In September 2017, many citizens were left shocked when police spokesperson Chief Superintendent Paul Nyathi cautioned unsuspecting men and the general public to be wary of a group of women accused of sexually assaulting men in the capital Harare.
The warning came after an incident reported in August 2017, in which a 29-year-old man from Harare was alleged to have been sexually molested by the women. This happened soon after the five women gave the man a lift. It was reported that one of the females forced the complainant to have sexual intercourse with her, without his consent while another woman forced the complainant to drink an unknown liquid which left the complainant unconscious. The victim only discovered he had been abused after gaining consciousness.
These revelations came as a surprise to the Zimbabwean community because very little attention has been paid to male victims of rape and sexual assault in adulthood. Although the long-term effects of sexual abuse of women by men have been reported extensively, there have been minimal reports exploring the effects of sexual assault by women on other men or by men on other men.
A prosecutor based in Bulawayo provided further insight into this seldom talked about phenomenon.

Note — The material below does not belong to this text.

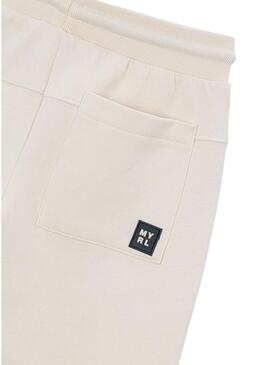 Calça de treino branca Mayoral para menino.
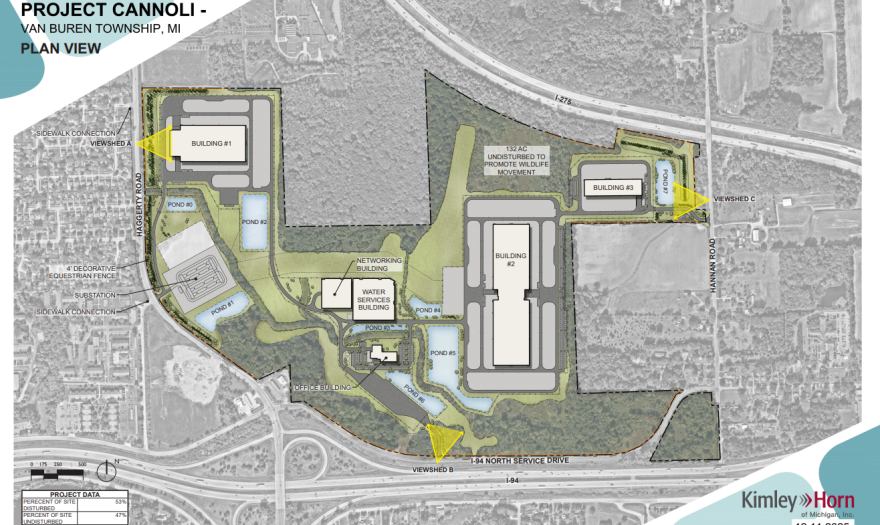 Site plan for Google's hyperscale data center in Van Buren Township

“These issues are not brought to light because in most instances male rape victims do not report these issues. To them, reporting these incidents means losing their sense of manliness. In most cases victims who are married never disclose the issue to their wives because they feel a huge and devastating stigma from the rape that would have occurred,” said the prosecutor who spoke on condition of anonymity.

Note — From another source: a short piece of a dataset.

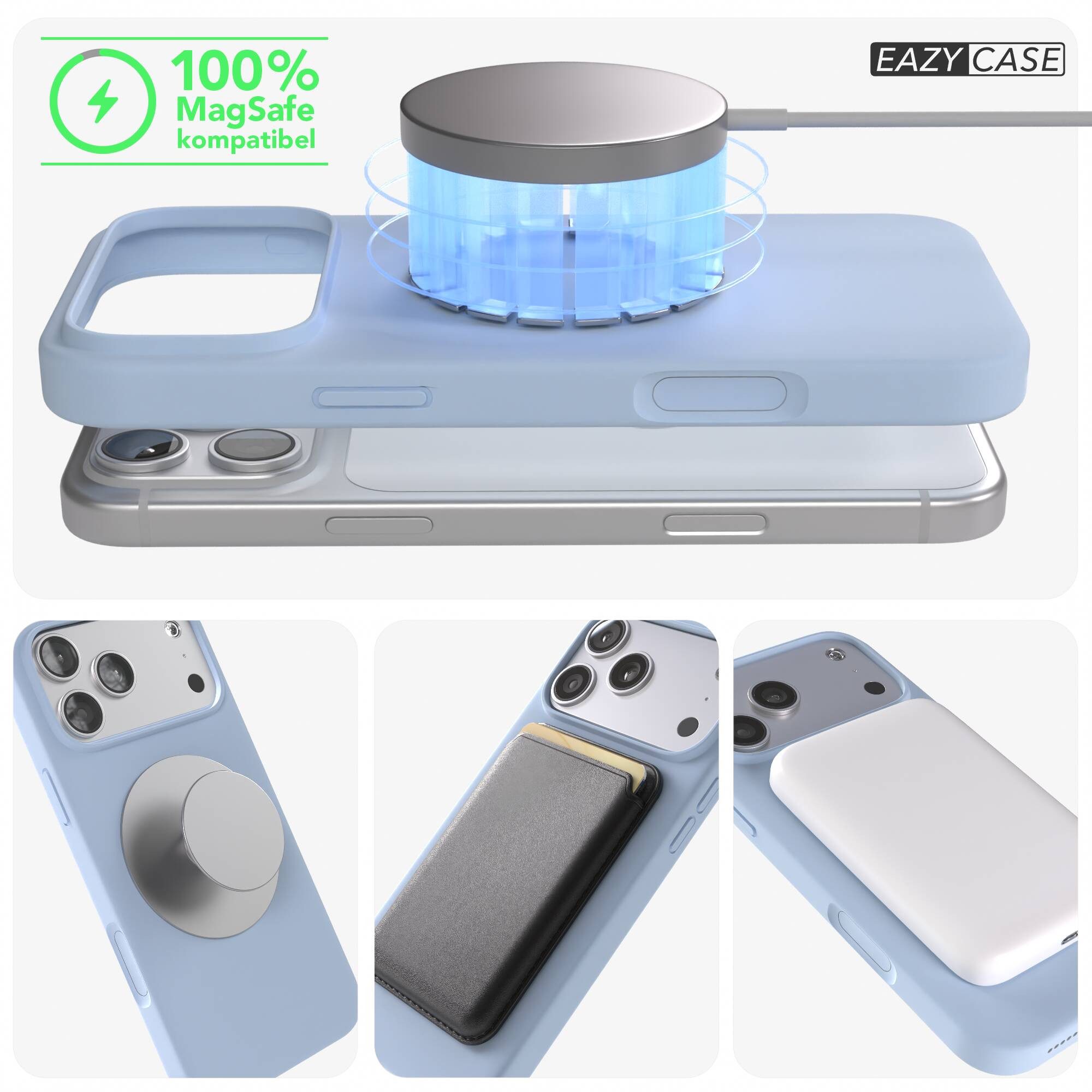 EAZY CASE Handyhülle für Apple iPhone 17 Pro Max Hülle Silikon 6,9 Zoll, Bumper Case MagSafe Matt Slimcover Silikonschutzhülle Hellblau – Bild 5 von 5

In an Official Journal of the Association of Medicine and Psychiatry, four male victims of rape who had gone for treatment and counselling were said to have had a hard time trying to talk about the incident.
“None of the four victims examined disclosed his rape to any male psychiatrist by whom he was examined. One of the male victims was labelled as “malingering” in spite of two severe suicide attempts. The physician became frustrated by the perceived “secretiveness” of the patient and interpreted it as malingering.
“While patients dread the idea of disclosing the rape and fear how telling would affect them, they also complained that no male psychiatrist had asked them about a possible abuse history. Treatment of rape victims should start with an exploration of our own beliefs about male rape,” stated the research.
Gender-Based Violence (GBV), affects everyone regardless of gender. Although statistics show that the majority of those abused are women, men equally suffer from GBV.
As such the programmes officer for Padare/Enkundleni Men’s Forum, Ziphongezipho Ndebele said they were working hard to make sure men feel free to report sexual abuse.
“We are joining the rest of the world in campaigning against rape. However, this does not mean we only raise awareness against GBV during the 16 Days of Activism. We campaign against GBV 365 days a year.
“In this year’s theme we are focusing on reducing rape cases, so we urge men to speak out against sexual abuse, mainly rape. Men do suffer from sexual abuse, but because of our patriarchal culture the majority of them don’t report cases of GBV because they are afraid people will think they are not man enough,” said Ndebele.
He added: “I have personally witnessed a number of men who have been abused.
In 2019 there was a man being physically abused by his wife. Another man I know of was chased away from home by his wife and he was left stranded. There are police cases whereby there are men who are sexually abused by women even though the cases are few or maybe they are many, but men just don’t want to report. We still encourage men to report so that they get assistance. The problem with not reporting such issues is that in cases to do with sexual offences, there is a risk of contracting sexually transmitted illnesses, so it’s so much better for them to report so as to preserve their health.
“As a country we should have activities which ensure that gender-based violence is prevented. In order to bring awareness to men about cases of rape we need resources so that we can penetrate into the rural areas and have services readily available for rape victims.”
Ndebele further urged men to participate in Padare’s different structures where groups of men will have radio programmes, dramas and dialogues in an effort to help communities strengthen their referral systems at community level because it is not easy especially for the poor to get assistance at district level.
“People in remote areas can’t easily access services so this is a hindrance in reporting and resolving issues of GBV. So far we have managed to work with different stakeholders at community level up to the national level in a bid to fight GBV. We targeted traditional leaders at first and we are glad they are now speaking up against GBV. Traditional leaders assist people to get assistance when they are abused. We also work with religious leaders who now in their sermons speak against GBV and promote equality,” said Ndebele.